Spring Spotlight: Ten To Watch

With spring practice barely one month away, these 10 players could turn heads. Some can lock down starting jobs, others could offer the program quality depth.

Asmar Bilal
Matt Cashore / IrishIllustrated.com

The day before the Fiesta Bowl, Brian Kelly was asked about freshmen under the radar that he expected to impress next year. He started with the program’s Scout Team Player of the Year on defense, even comparing Bilal’s athleticism to Jaylon Smith. If that’s just 10 percent true it’s a great sign for the Irish defense. And with Te’Von Coney limited during spring ball after shoulder surgery, there will be plenty of reps for Bilal to grab.

Shaun Crawford
Matt Cashore / Irishillustrated.om

Crawford was arguably Notre Dame’s most explosive freshman when training camp opened last year and perhaps the program’s most devastating injury outside of Jarron Jones. He would have likely started at nickel and never given it up, adding an athleticism to the position that the Irish lacked. Now healthy, Crawford expects to compete during spring practice. Will he retake the nickel? Will he beat out Nick Watkins and Devin Butler for fulltime reps?

Khalid Kareem
Matt Cashore / IrishIllustrated.com

Jerry Tillery set the bar for freshman contributions on the defensive line, at least for four-star prospects. Kareem fit into that category too and is also an early enrollee. If the Irish are healthy, he can play a complementary role, which means getting off on the right foot during spring. How does the Michigan athlete take coaching? Does he buy into Notre Dame’s culture? If he hits both marks, the Irish should have a rotational player immediately.

Mike McGlinchey
USA Today Sports Images

When Ronnie Stanley broke into the starting lineup he did it as a right tackle because Notre Dame had a first round pick on the left. When McGlinchey did the same last year on the right, the Irish had the same kind of talent on the left. Now Stanley is gone, opening the door for McGlinchey to potentially switch sides while also taking on a leadership role. Is McGlinchey ready to run the offensive line meeting room? It’s a big step.

Nyles Morgan
Matt Cashore / Irishillustrated.om

Last spring Brian VanGorder admitted it takes three years to master his defense as a middle linebacker. Well, Morgan is entering his third year in the program and second spring. If he’s going to live up to his five-star ranking on Scout.com, now’s the time to get started. The coaching staff buried Morgan last year, which means no one should assume this job goes to the junior just because Joe Schmidt and Jarrett Grace are gone.

Sam Mustipher
Matt Cashore / Irishillustrated.om

Replacing two-time captain and surefire NFL draft pick Nick Martin figures to be more difficult than people think. Still, Mustipher will enter his third season in the program this fall and the center job is open. Privately, there’s a positive buzz about Mustipher’s progress, even if he’s barely played. But it’s going to take more than that to win the job with Tristen Hoge – Scout Team Player of the Year on Offense – hanging around too.

Equanimeous St.

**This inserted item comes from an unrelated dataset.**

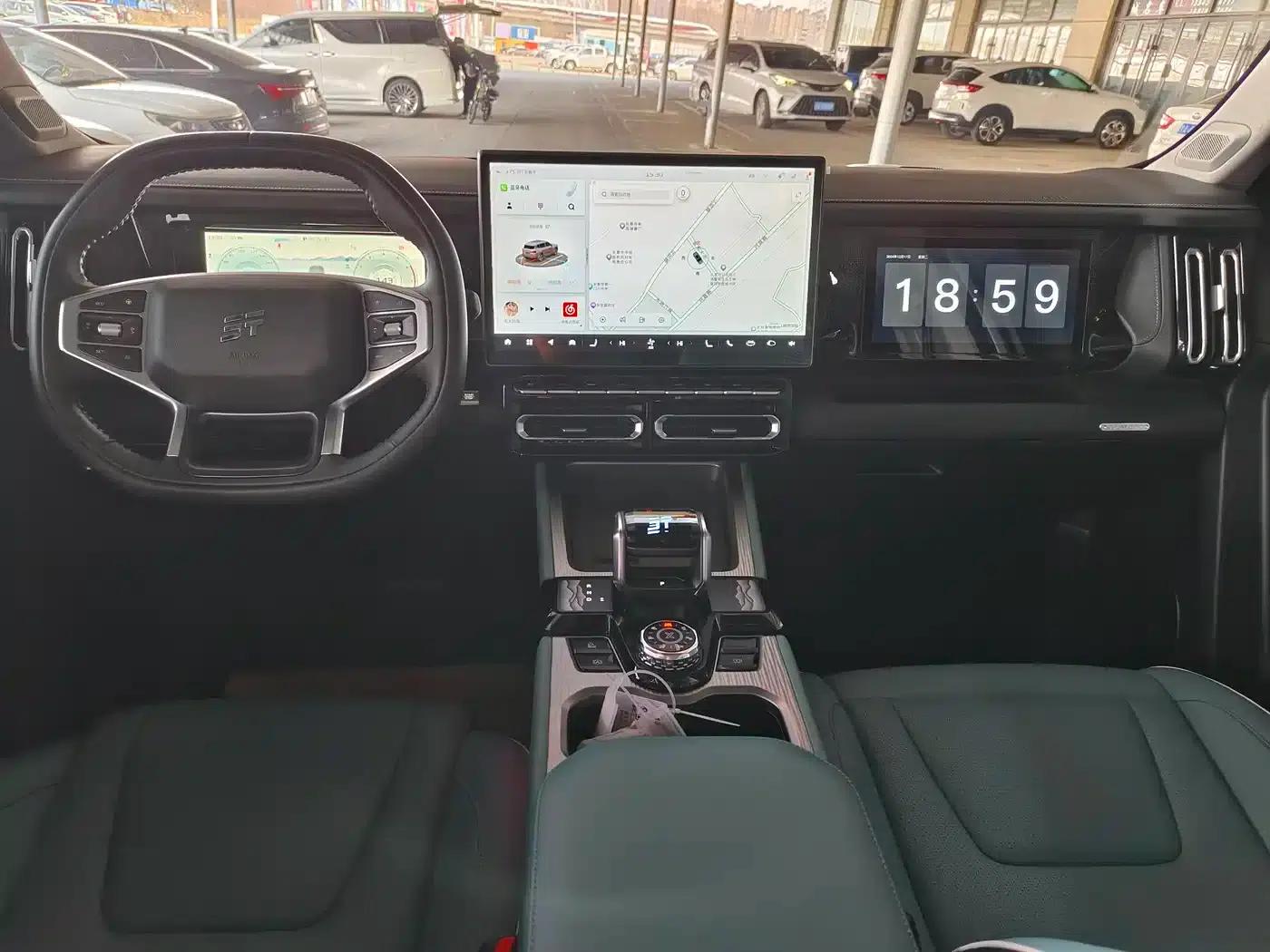 Jetour Freedom 2025 2.0TD XWD Conqueror — миниатюра 9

Brown
Matt Cashore / IrishIllustrated.com

The hype train on St. Brown left the station in the past month when Brian Kelly touted him as the surprise of the freshman class. And with Will Fuller out the door, there’s a job opening at St. Brown’s position. Will his shoulder injury suffered last season in practice hold him back? If healthy, the rising sophomore could be Notre Dame’s next big-time threat. He needs a good spring to establish himself as a potential No. 1 in an offense that’s searching for one.

Devin Studstill
Matt Cashore / IrishIllustrated.com

Of Notre Dame’s five early enrollees, Studstill has the best chance to play early. And if he’s going to be an exception within Brian VanGorder’s defense, meaning a freshman who earns time at safety, he’ll need to start that climb during spring practice. Studstill has the background to do it, with a father who played at West Virginia and a former teammate (Te’Von Coney) who already took the early enrollment challenge in South Bend.

Mykelti Williams
Matt Cashore / Irishillustrated.om

Notre Dame signed seven defensive backs last cycle and more than half could project at safety. In other words, Williams needs to make an impression on Todd Lyght during spring before the rest of the reinforcements arrive. Can Williams hold off early enrollees Devin Studstill and/or Spencer Perry? Probably. Can he climb over sixth-year senior Avery Sebastian? That’s a more interesting question. Williams played at powerhouse Warren Central, which produced Sheldon Day. He should be wired correctly.

Malik Zaire
Matt Cashore / IrishIllustrated.com

Zaire threw passes off to the side during bowl practices and hopes to compete during spring practice. He’s already received advice from friend and Ohio State quarterback J.T. Barrett not to rush his comeback – Barrett broke his ankle late in 2014 – but Zaire doesn’t pace himself much. What can Zaire offer during spring ball? Odds are it will be enough to push the quarterback competition into training camp and perhaps beyond. Getting his personality back on the field will be a boost.